What the exercise asks: Reproduce every entry below precisely; do not include the pictures.

Start of Working data

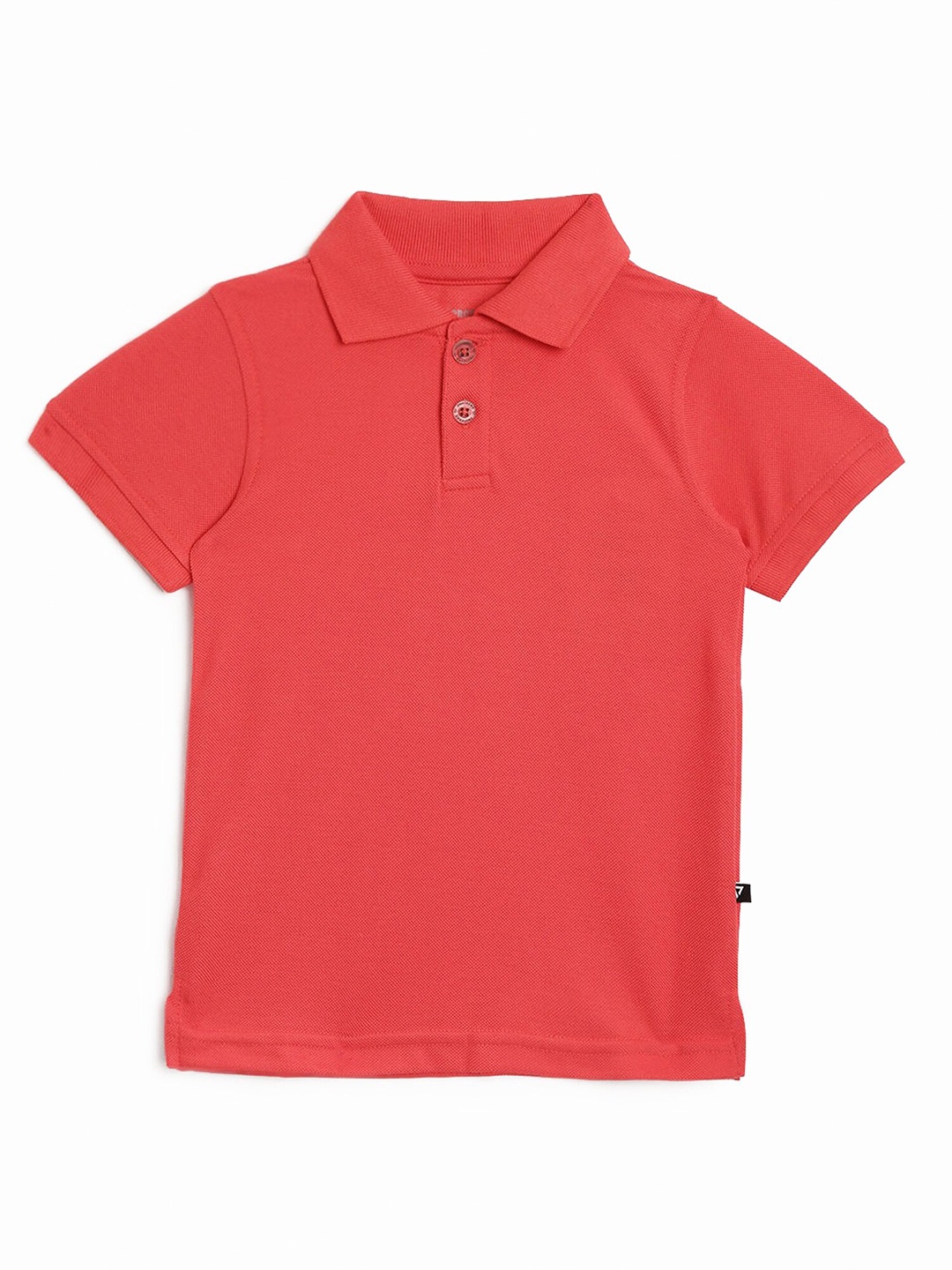 

PROTEENS Boys Red Polo Collar T-shirt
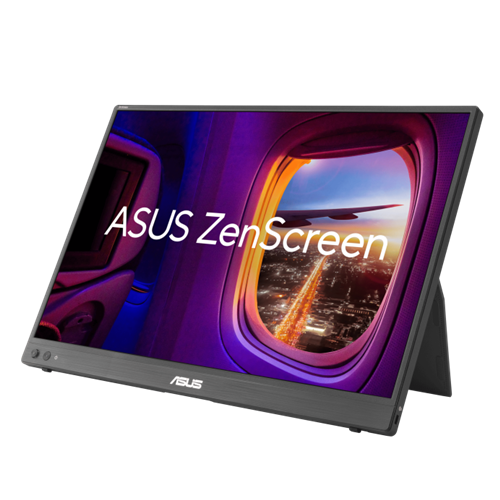 Monitor Asus ZenScreen MB16NCG 16" WQXGA IPS 155Hz USB-C Mini-HDMI črn
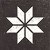 Solostone Decoren Belgian Stone Star White 70x70x3,2 Keramische tegels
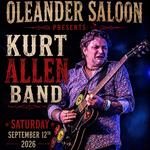 Kurt Allen Band at Oleander Saloon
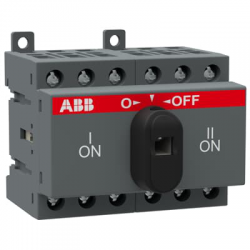 ABB OT manual change-over switch 3P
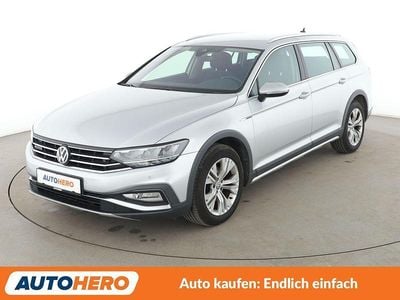 Gebraucht VW Passat Alltrack 190 PS (139 kW) 2019 Grau Kombi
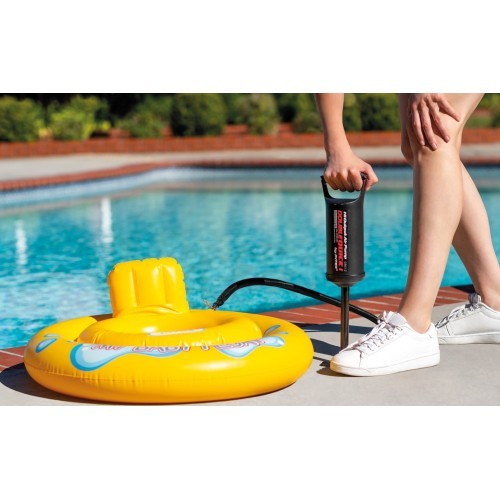 Intex 68612 hand pump for swimming pool matareca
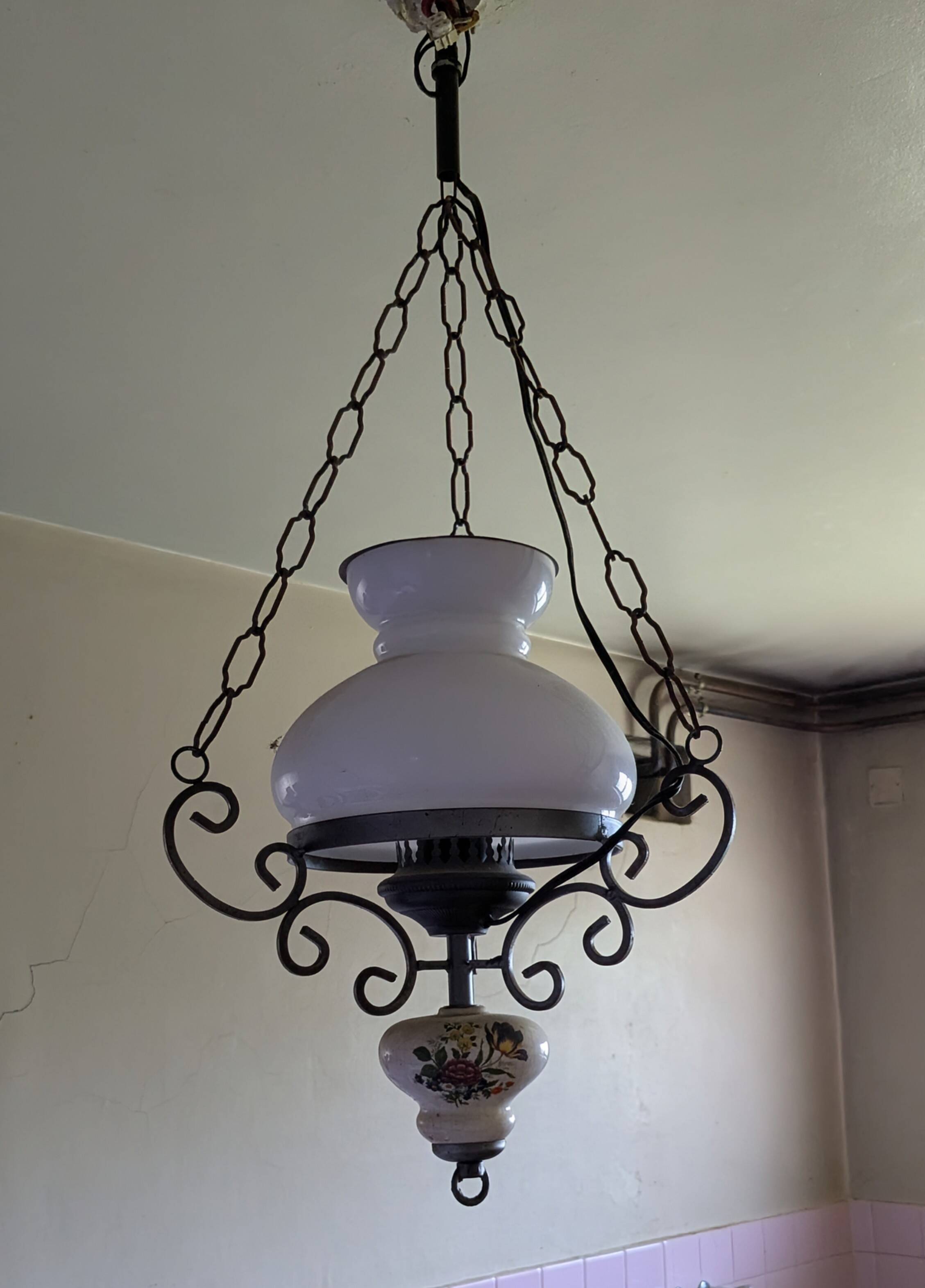 Hanging chandelier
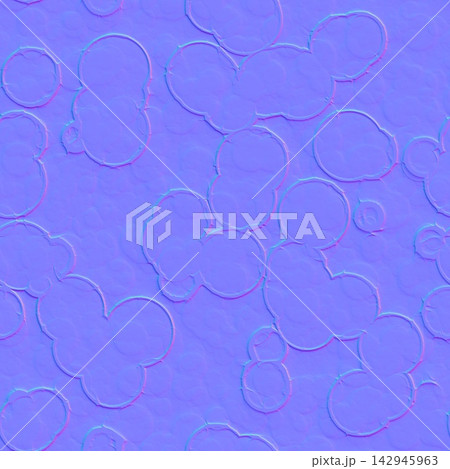 Soap Foam Bubbles Seamless Normal Map Texture Soap Foam Bubbles Seamless Normal Map Texture 142945963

End of Working data

Written reply:
PROTEENS Boys Red Polo Collar T-shirt
 Monitor Asus ZenScreen MB16NCG 16" WQXGA IPS 155Hz USB-C Mini-HDMI črn
 Solostone Decoren Belgian Stone Star White 70x70x3,2 Keramische tegels
 Kurt Allen Band at Oleander Saloon
 ABB OT manual change-over switch 3P
 Gebraucht VW Passat Alltrack 190 PS (139 kW) 2019 Grau Kombi
 Intex 68612 hand pump for swimming pool matareca
 Hanging chandelier
 Soap Foam Bubbles Seamless Normal Map Texture Soap Foam Bubbles Seamless Normal Map Texture 142945963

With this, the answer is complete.